Which has also left me more motivated for health/weight loss and that is a very good thing....
Monday, April 19, 2010
Had a great weekend....dinner and a movie out with new friends, got to spend time with my sweetie, had a pretty relaxing day Sunday...all in all, a great weekend! Got my hair touched up and nails done - helps me to feel more positive when I look in the mirror when I know I look my best.
Today, had a 2 pound weight loss from last week and that felt really good - loss the last 2 weigh ins means I'm being consistent and that's often my pitfall. So all in all, pretty good stuff.
This is a short work week for me and I'm very excited about that, lol! After months of working 6 days a week, having a bit of time off is very exciting, LOL. We will take off for Portland Friday through Saturday. My dance troupe will perform at a dance festival on Saturday and we'll be packing the weekend with some great fun - watching a ton of bellydance at the festival, hitting Pasha's restaurant in downtown Portland for some professional bellydance goodness, a trip to Powell's City of Books, and general shopping in fun stores we do not have in my little rural town. Can't quite express my pleasure - we've not been out of town really in months and when you live in a rural area, it's pretty exciting to go to the big city, LOL.
Still working on 10k steps a day. My it's a slow progression - and of course that annoys me, I want it to be perfect 10 K now, right now! But I'm having steady improvement and that's got to be good enough.
Time to get off the computer and get ready for the day. here's hoping for some sunshine today, for me and for you, wherever you may be.
Thursday, April 15, 2010
I took today off from work.
I never take days off work. Granted, I planned it, LOL. I didn't call in sick or anything - I'm just taking a vacation day.
specifically chose today - partner at school almost all day, kids in school all day.
That means, my introvert can be fed by what it craves most - silence. Just me and the dog. No TV, no radio on in the background. If I practice the routine for our upcoming performance, the music will be on but it will be intentional, you know?

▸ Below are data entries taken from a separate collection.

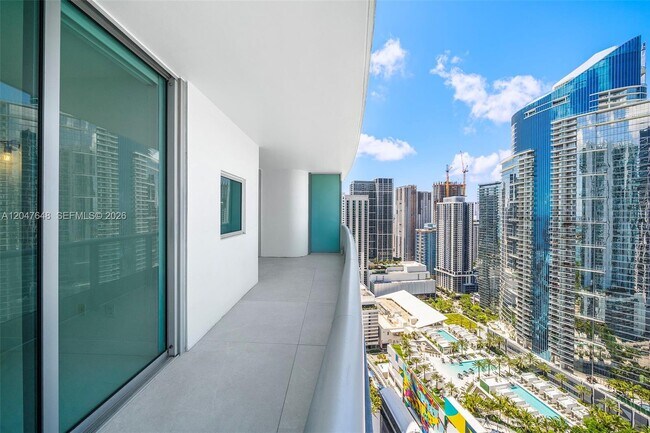 Building Photo - 900 Biscayne Blvd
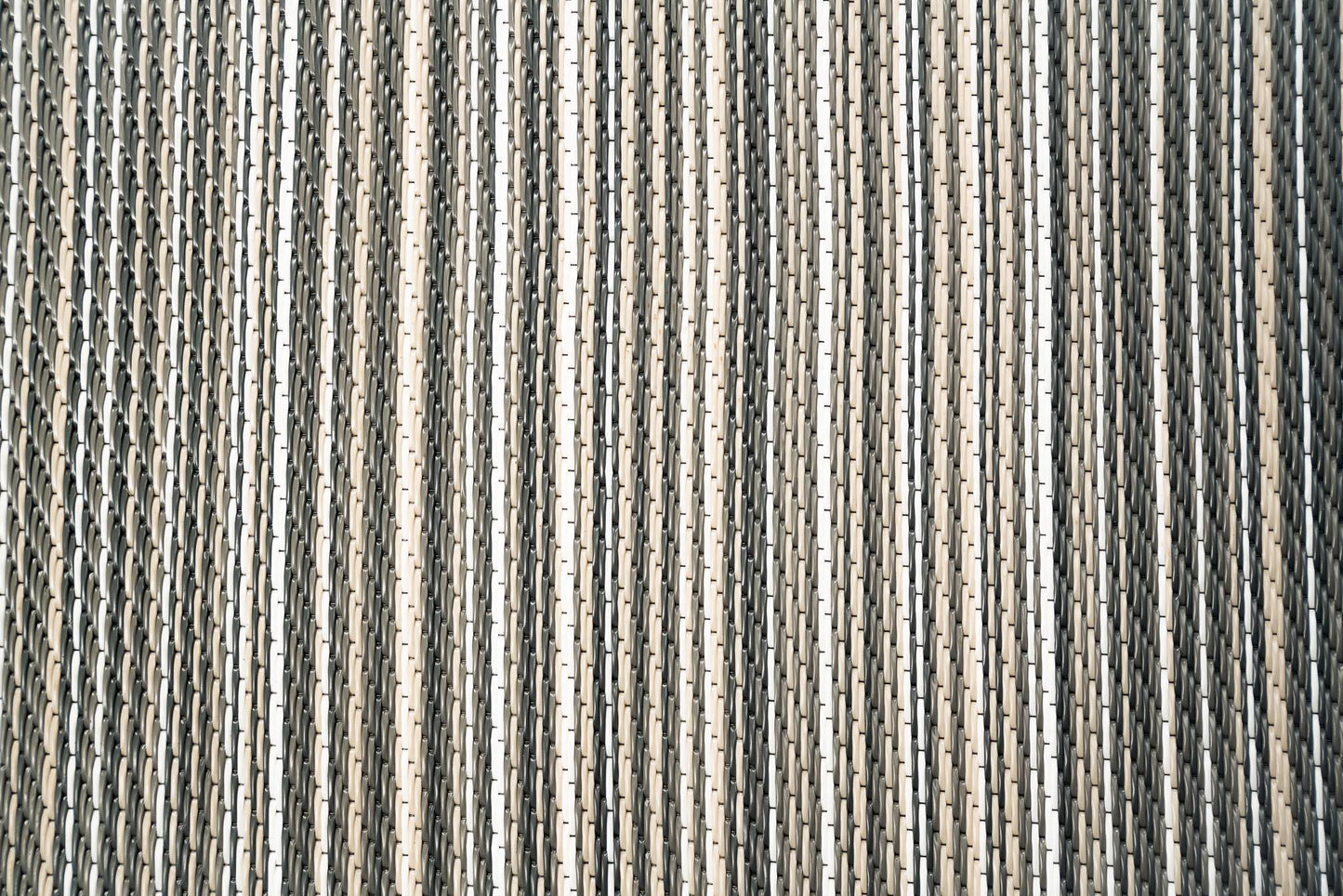 mexicali outdoor rug grey and white pattern detail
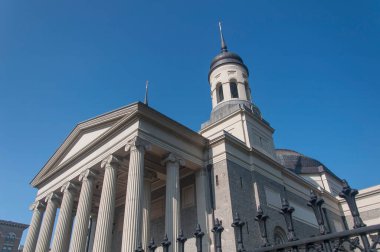 Maryland 'de yazları açık mavi gökyüzü olan tarihi Baltimore Bazilikası.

I need silence, alone time, on a regular basis or I get overdone....anxious...depressed. I love people, I love my family, but I finally learned in my 30's - I really need alone time or i get worn thin and I turn into a complete witch. With the nature of life lately, I've had no alone time. I've also been forced to be more outgoing than usual due to training someone at work and that has taken a toll on me.
See, I can fake it really well. I teach dance classes and I perform and I train people at work and blah blah blah...and people assume I'm an outgoing kinda gal. Nope. Not. It takes a tremendous amount of energy for me to be social for long stretches when I'm not getting that alone time to recharge.
So today is my day to recharge. A day of silence, doing a few chores, reading, walking the dog, dance practice...and probably a very nice nap, LOL.
I didn't make it to zumba last night and was really disappointed. Even more disappointed when I saw I was no where near 10K steps at the end of the day. It's a new goal to restart and I'm going to work on adding 10% a day to get it up there. Because of course my first thought was I'll walk 3 x a day and THAT will get me to 10k. That is totally unreasonable considering my life. 10% increase, now that is reasonable.
Enjoy your day - or evening - if you're across the pond. Hugs.